_Exercise prompt_
The range starts at the line containing "Dinneractive Utensil Set" and ends at the last line of the records below. Reproduce those lines exactly.

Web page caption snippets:
[Start of section]

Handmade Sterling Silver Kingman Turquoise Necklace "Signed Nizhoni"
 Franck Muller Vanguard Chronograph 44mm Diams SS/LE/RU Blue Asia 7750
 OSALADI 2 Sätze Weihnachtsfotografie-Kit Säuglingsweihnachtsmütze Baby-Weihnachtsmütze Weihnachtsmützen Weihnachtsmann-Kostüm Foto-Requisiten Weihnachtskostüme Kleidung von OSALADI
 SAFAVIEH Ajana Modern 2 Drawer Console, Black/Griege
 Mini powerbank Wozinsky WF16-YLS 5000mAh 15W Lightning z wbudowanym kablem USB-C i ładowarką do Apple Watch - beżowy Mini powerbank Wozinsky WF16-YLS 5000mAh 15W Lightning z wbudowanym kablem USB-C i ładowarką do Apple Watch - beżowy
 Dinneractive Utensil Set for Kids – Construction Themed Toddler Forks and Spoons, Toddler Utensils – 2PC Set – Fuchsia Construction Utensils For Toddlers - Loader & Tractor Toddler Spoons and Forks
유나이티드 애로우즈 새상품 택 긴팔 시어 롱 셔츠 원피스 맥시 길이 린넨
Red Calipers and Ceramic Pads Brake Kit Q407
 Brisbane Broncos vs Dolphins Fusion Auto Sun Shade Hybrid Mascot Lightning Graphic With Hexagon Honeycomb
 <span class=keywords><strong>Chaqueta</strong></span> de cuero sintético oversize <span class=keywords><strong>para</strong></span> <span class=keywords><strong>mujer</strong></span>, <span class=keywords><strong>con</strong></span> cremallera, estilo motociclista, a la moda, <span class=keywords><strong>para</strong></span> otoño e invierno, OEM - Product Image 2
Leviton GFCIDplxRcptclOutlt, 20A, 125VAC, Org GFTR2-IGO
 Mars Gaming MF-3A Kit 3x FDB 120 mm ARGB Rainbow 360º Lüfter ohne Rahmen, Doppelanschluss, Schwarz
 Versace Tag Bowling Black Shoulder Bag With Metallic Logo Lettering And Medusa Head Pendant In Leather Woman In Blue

[End of section]

_Task result_
 Dinneractive Utensil Set for Kids – Construction Themed Toddler Forks and Spoons, Toddler Utensils – 2PC Set – Fuchsia Construction Utensils For Toddlers - Loader & Tractor Toddler Spoons and Forks
유나이티드 애로우즈 새상품 택 긴팔 시어 롱 셔츠 원피스 맥시 길이 린넨
Red Calipers and Ceramic Pads Brake Kit Q407
 Brisbane Broncos vs Dolphins Fusion Auto Sun Shade Hybrid Mascot Lightning Graphic With Hexagon Honeycomb
 <span class=keywords><strong>Chaqueta</strong></span> de cuero sintético oversize <span class=keywords><strong>para</strong></span> <span class=keywords><strong>mujer</strong></span>, <span class=keywords><strong>con</strong></span> cremallera, estilo motociclista, a la moda, <span class=keywords><strong>para</strong></span> otoño e invierno, OEM - Product Image 2
Leviton GFCIDplxRcptclOutlt, 20A, 125VAC, Org GFTR2-IGO
 Mars Gaming MF-3A Kit 3x FDB 120 mm ARGB Rainbow 360º Lüfter ohne Rahmen, Doppelanschluss, Schwarz
 Versace Tag Bowling Black Shoulder Bag With Metallic Logo Lettering And Medusa Head Pendant In Leather Woman In Blue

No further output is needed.